Wel wil de kamer hierbij, zij het ten overvloede, opmerken dat het naar haar mening minder wenselijk is dat een notaris, in het geval als het onderhavige, een inhoudelijke rol speelt in een dossier met betrekking tot een zaak waarin die notaris zelf als partij optreedt.

4.3 De kamer gaat voorbij aan de stelling van de notaris dat klaagster niet in haar klacht kan worden ontvangen omdat zij haar klachtrecht oneigenlijk gebruikt, nu zij met de onderhavige procedure kennelijk beoogt dat de civiele procedure, ingezet door de notaris wegens door hem gestelde gebreken aan de woning, door de notaris zal worden gestaakt.

Aan de notaris kan worden toegegeven dat het tuchtrecht andere doeleinden dient dan het civiele recht. Dit brengt weliswaar mee dat klachten door de tuchtrechter dienen te worden beoordeeld in het licht van de doeleinden van het tuchtrecht, maar niet dat bijkomende motieven van klagers om tot het indienen van klachten over te gaan aan tuchtrechtelijke beoordeling van de gedragingen van de notaris in de weg staan.

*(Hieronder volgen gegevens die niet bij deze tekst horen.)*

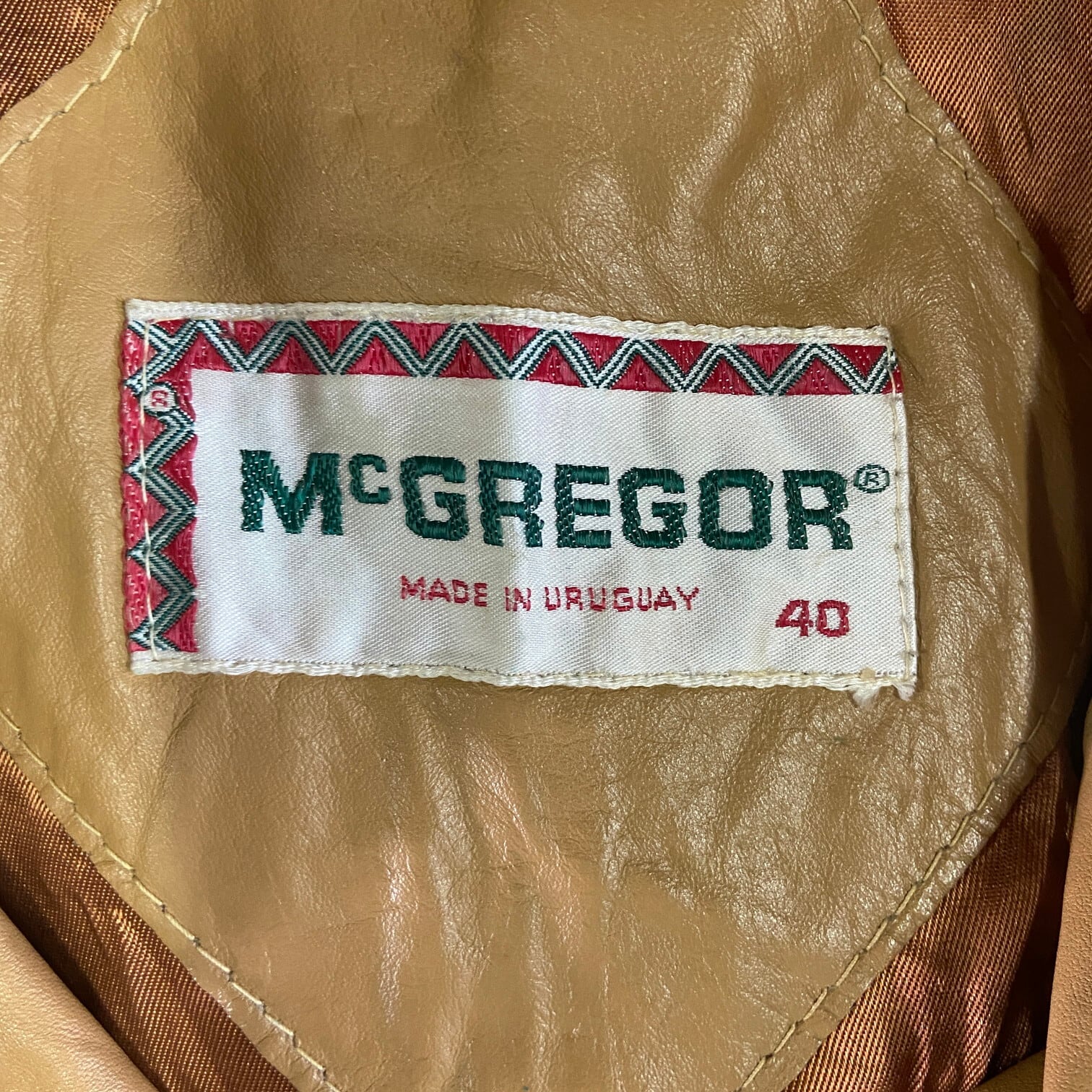 MCGREGOR マクレガー ウールレザー　ジャケット 70's ビンテージ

4.4 Ten aanzien van het tweede klachtonderdeel, hiervoor vermeld onder 2.2, merkt de kamer het volgende op. De raadsman van de notaris heeft ter gelegenheid van de mondelinge behandeling verklaard zonder ruggespraak met de notaris het verlengingsverzoek van het door de notaris gelegde beslag te hebben ingediend.

Omdat dit geen ongebruikelijk handelen van een advocaat in een civiele procedure betreft en het tegendeel niet is gebleken, wordt dit klachtonderdeel ongegrond verklaard.

4.5 Beslist wordt als volgt.

Beslissing

De kamer van toezicht:

-                     verklaart klaagster niet ontvankelijk in het klachtonderdeel, hiervoor vermeld onder 2.1;

-                     verklaart het klachtonderdeel, hiervoor vermeld onder 2.2, ongegrond.

Deze beslissing is gegeven door mrs. J.A.J. Peeters, voorzitter, M. Bijkerk,

S.G. Ellerbroek, R.H. Meppelink en A.J.H.M. Janssen, leden, in tegenwoordigheid van

mr. E.B.T. Kienhuis, secretaris, en in het openbaar uitgesproken op 4 maart 2010.

mr. E.B.T. Kienhuis,                                                   mr. J.A.J. Peeters,

secretaris.                                                                   voorzitter.

Tegen deze beslissing staat hoger beroep open bij het Gerechtshof te Amsterdam (postbus 1312, 1000 BH Amsterdam) binnen 30 dagen na de dag van verzending van de aangetekend verzonden kennisgeving.